After selecting the choice complexity features, we build and train a machine learning model based on the operator's choice time as depicted in Figure 4-3, which will be further discussed in the next sections.

Figure 4-3 Human in the loop machine learning in a MMAL.

Features and characteristics of choice complexity in MMAL

• Simulation of choice complexity in MMAL
• Features of operator’s choice complexity
• Similarity of variants
• Sequence Rule
• Physical arrangement
• Result and discussion
• Machine learning and prediction of selection time
• Human-involved system control and simulation

In the next section, we will discuss three of the more complex selected features of choice complexity in a mixed model assembly line and the form in which they are assembled in this illustrative example. A perfect prediction of the operator's selection time is unattainable; however, the proposed method reasonably mimics the actual physical setups that define the choice complexity in a mixed model. Changes in the mean of the actual reaction time (RT) caused by various parameter changes (per random forest algorithm).

As the number of alternative choices grows, changes in choice time strongly depend on the sequence rule.

Figure 4-5 Selected features

Conclusion

Human involvement in the loop also provides more scope for testing and optimizing the number of assembly line policies. That is, the impending adoption of smart manufacturing in the future will give rise to several possible applications of machine learning in a wide range of human-involved manufacturing processes in which the proposed framework can be applied accordingly. Despite the limitations, the proposed model is a valuable tool in the pursuit of an effective modeling and simulation of human-centered complex systems.

Thus, the proposed model is an example of how we can effectively integrate the human component into smart production environments.

Conclusion

Research Summary

The proposed model not only has the ability to calculate the overall complexity of the system, but can also trace the contribution of each specific option or station to the overall system complexity. We conducted a simple experimental design to verify the effect of the similarity of options and reaction time on the overall complexity. Thus, the fourth chapter proposes a HIL simulation framework where different parameters of choice complexity are tested to assess the overall effect on operators' efficiency.

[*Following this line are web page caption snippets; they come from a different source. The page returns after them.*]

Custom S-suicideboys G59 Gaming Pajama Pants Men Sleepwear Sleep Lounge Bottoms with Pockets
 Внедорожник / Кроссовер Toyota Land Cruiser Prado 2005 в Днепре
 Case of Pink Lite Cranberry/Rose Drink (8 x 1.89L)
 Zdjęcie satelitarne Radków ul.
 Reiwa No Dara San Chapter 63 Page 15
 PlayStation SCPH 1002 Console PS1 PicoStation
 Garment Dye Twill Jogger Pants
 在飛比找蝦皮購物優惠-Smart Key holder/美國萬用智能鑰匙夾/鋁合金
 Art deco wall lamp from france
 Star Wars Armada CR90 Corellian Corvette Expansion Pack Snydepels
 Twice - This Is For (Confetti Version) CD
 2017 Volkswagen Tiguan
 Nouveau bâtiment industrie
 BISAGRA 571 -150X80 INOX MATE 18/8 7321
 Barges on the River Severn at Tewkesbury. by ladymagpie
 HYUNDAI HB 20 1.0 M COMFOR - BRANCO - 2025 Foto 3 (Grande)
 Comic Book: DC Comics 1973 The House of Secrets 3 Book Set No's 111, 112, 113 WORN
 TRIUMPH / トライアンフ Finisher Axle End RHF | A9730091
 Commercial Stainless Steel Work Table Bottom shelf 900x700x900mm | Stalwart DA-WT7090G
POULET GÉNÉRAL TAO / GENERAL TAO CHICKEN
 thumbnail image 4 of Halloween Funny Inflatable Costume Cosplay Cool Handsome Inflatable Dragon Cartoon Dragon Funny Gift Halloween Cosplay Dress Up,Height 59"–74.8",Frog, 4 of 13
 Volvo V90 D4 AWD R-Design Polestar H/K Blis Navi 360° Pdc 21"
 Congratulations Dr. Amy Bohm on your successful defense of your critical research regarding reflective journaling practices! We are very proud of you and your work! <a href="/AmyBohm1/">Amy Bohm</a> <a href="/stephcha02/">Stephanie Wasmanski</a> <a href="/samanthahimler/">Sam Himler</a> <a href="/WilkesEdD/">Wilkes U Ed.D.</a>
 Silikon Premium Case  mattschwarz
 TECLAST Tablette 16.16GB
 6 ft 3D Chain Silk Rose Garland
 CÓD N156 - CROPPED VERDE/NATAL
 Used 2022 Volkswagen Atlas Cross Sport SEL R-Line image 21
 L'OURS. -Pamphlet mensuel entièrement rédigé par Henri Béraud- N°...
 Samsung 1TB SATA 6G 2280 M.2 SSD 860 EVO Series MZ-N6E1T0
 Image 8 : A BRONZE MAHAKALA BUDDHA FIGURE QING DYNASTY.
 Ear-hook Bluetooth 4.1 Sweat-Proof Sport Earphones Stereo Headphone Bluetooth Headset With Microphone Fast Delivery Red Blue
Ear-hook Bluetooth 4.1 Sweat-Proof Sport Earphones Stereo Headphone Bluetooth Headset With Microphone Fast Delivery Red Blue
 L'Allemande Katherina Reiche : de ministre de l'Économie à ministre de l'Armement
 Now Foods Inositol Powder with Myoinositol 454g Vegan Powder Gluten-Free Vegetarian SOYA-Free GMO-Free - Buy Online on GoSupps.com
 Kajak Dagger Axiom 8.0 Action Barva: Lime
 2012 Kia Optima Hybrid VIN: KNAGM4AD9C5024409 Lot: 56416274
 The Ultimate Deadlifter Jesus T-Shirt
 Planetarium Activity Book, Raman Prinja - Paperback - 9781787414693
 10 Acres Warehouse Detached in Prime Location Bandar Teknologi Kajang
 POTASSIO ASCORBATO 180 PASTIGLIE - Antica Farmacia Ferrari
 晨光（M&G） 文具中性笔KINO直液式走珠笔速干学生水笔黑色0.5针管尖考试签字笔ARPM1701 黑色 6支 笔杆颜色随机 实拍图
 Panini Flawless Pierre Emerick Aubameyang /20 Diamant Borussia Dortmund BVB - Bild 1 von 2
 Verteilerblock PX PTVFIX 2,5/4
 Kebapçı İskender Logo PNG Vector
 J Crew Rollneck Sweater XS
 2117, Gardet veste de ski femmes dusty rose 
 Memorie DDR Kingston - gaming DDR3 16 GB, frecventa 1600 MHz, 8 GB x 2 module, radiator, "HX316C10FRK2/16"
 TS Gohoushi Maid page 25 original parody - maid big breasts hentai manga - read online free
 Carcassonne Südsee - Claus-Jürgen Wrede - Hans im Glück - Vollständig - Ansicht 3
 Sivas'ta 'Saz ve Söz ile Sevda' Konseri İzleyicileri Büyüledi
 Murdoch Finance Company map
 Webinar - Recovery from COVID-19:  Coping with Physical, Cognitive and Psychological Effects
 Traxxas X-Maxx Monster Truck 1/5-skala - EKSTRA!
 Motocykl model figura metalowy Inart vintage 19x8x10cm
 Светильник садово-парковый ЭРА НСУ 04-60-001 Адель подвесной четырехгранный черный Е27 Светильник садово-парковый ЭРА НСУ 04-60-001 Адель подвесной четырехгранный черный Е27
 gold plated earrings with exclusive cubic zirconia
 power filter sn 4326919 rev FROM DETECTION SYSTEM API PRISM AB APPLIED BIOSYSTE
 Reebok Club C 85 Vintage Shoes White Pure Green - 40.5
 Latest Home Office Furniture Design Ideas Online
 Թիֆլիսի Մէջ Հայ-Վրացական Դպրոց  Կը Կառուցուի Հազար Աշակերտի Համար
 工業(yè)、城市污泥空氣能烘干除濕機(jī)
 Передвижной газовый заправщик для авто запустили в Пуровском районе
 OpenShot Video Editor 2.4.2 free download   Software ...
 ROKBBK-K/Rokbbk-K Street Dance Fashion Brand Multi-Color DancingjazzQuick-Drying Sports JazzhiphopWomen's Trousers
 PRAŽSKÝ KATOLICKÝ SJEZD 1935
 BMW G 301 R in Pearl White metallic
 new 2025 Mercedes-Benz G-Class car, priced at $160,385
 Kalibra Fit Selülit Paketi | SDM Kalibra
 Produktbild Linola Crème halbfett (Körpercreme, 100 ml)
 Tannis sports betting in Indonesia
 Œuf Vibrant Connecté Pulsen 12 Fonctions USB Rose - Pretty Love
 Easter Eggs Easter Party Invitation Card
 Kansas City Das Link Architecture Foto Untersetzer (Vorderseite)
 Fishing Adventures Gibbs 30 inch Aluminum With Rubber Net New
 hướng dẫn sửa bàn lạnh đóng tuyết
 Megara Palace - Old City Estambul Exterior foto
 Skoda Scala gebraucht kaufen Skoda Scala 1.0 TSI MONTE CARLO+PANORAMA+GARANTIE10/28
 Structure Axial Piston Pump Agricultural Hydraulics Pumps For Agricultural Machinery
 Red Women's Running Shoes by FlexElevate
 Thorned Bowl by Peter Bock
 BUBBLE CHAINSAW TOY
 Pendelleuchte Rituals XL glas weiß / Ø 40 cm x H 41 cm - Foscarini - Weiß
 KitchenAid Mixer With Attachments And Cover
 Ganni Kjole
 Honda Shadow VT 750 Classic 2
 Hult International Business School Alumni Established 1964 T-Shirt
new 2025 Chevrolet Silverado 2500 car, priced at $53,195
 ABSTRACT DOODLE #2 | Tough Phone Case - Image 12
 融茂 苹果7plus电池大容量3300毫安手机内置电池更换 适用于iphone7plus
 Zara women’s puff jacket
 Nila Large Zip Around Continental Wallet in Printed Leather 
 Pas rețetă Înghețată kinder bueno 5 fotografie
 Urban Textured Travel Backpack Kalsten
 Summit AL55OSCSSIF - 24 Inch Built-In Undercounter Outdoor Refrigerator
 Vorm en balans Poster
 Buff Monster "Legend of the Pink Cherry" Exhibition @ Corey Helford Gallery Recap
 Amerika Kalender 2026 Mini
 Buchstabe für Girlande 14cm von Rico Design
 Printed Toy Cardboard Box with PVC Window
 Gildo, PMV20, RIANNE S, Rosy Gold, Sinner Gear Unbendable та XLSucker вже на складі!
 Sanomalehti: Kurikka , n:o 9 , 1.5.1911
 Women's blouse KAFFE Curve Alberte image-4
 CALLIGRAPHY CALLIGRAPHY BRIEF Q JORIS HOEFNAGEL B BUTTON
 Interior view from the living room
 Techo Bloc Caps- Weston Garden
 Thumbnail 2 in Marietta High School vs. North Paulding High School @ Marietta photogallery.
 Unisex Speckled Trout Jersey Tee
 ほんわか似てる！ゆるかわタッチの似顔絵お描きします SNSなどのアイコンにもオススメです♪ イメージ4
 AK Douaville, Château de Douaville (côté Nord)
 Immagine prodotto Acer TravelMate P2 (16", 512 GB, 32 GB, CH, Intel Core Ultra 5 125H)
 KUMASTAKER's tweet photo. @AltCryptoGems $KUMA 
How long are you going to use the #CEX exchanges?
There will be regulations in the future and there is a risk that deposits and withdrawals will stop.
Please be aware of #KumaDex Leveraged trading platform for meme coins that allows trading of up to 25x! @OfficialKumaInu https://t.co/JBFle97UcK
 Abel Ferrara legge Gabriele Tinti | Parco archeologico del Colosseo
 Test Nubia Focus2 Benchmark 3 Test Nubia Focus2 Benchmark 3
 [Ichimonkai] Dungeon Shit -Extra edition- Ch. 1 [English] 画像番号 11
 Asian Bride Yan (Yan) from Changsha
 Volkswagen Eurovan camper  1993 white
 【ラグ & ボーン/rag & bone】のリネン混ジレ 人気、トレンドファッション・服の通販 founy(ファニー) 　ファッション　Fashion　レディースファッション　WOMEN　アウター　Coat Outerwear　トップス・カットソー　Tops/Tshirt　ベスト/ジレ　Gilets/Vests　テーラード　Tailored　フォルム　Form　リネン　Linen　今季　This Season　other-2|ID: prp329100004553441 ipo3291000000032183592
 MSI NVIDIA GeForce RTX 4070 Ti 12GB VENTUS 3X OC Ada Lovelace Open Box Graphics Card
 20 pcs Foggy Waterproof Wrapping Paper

The proposed model, together with an illustrative case study, not only serves as a tool to quantitatively assess the impact of choice complexity on operator effectiveness, but also provides insight into how to reduce complexity without affecting overall production throughput. to influence.

Research Contributions

In HCS such as MMAL, human performance, a key factor in adaptability and flexibility, is of great interest due to its impact on the overall system. The model can thus be used to assess different scenarios and their respective effects on the overall complexity and reliability of the system. Finally, the proposed HIL simulation framework offers the tool to investigate human performance in HCS such as MMAL.

The proposed HIL framework provides an ability to investigate the impact of human behavior on the performance of the entire HCS, especially the manufacturing system.

Research Limitations and Future works

Butala, “Assessing the operational complexity of manufacturing systems based on statistical complexity,” International Journal of Production Research, vol. Limère, “Workload balancing and production complexity leveling in mixed-model assembly lines,” International Journal of Production Research, pp. Marin, “Modelling Production Complexity in Mixed Model Assembly Lines,” Journal of Manufacturing Science and Engineering, vol.

Kim, "Computational modeling of manufacturing choice complexity in a mixed model assembly line," International Journal of Production Research, pp.